[pgpool-hackers: 2429] Re: Load balancing with synchronous replication

Wed Jul 5 13:40:59 JST 2017

On Wed, Jul 5, 2017 at 3:47 PM, Tatsuo Ishii <ishii at sraoss.co.jp> wrote:
>> Right.  With the current synchronous_replay patch you could look for
>> pg_stat_replication.sync_replay = 'available'.  The trouble is that it
>> may be out of date, so you could still hit 40P02.  We'd need to decide
>> how to handle that too.
>
> The 40P02 error always returned?
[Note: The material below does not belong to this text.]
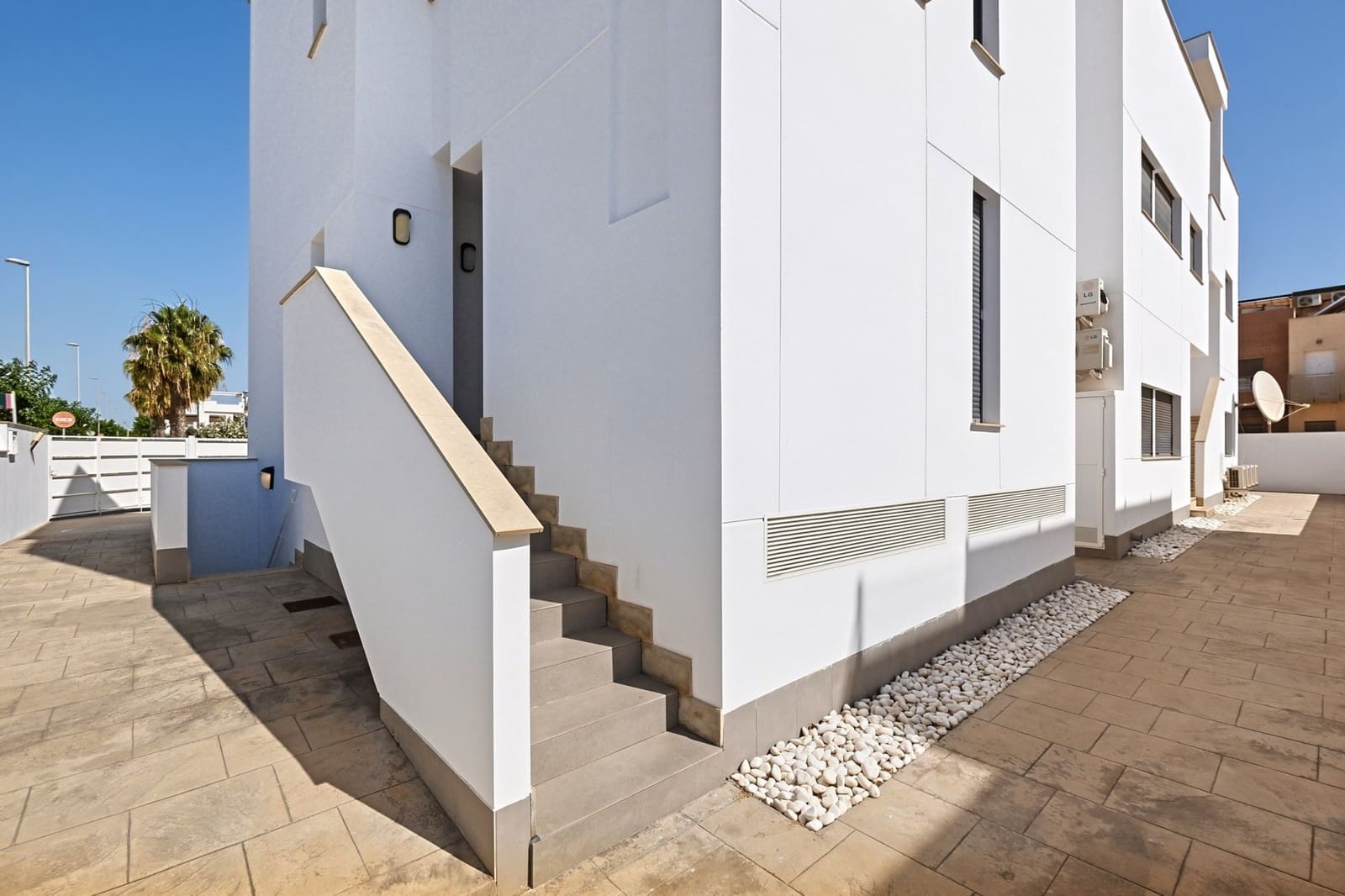 Apartamento de 2 habitaciones en Torre de la Horadada en venta - 289.000 € (Ref: 9910355)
I thought there's a GUC to turn off
> the error.

With the synchronous_replay patch, the new error 40P02 can only be
raised on standby servers when the new GUC synchronous_replay is set
to on, so users have to activate this behaviour explicitly.  The error
is raised if the primary thinks that your standby is too slow, so it
doesn't want to wait for it to apply anymore when committing.  In that
case you will see sync_replay = 'unavailable' in the primary server's
pg_stat_replication view for that standby server.  If the standby
server catches up again, then it will switch back to 'available' in
the primary's pg_stat_replication view and the error will stop
happening.  You get the error whenever pg_stat_replication.replay_lag
> synchronous_replay_max_lag (another new GUC introduced by my match).
The replicas with sync_replay = 'available' are the set of replicas
that can currently handle queries with synchronous_replay = on without
raising error 40P02 *at that instant*, but of course that set might
change 0.7 milliseconds later.

Note that the GUC synchronous_replay does two different things: in a
committing write transaction it waits for the current set of
'available' standbys to apply the transaction or stop being
'available', and in a read-only standby transaction it checks that
this standby is currently 'available'.  Together those behaviours
create a useful guarantee about data visibility.

The idea is: if you run a read-only transaction with
synchronous_replay = on, then you are guaranteed to see a write
transaction that committed and returned with synchronous_replay = on
before your query started OR get the new error.  There is no
possibility to see stale data.  The question is: how can we handle
this error automatically so the client application doesn't have to?

-- 
Thomas Munro
http://www.enterprisedb.com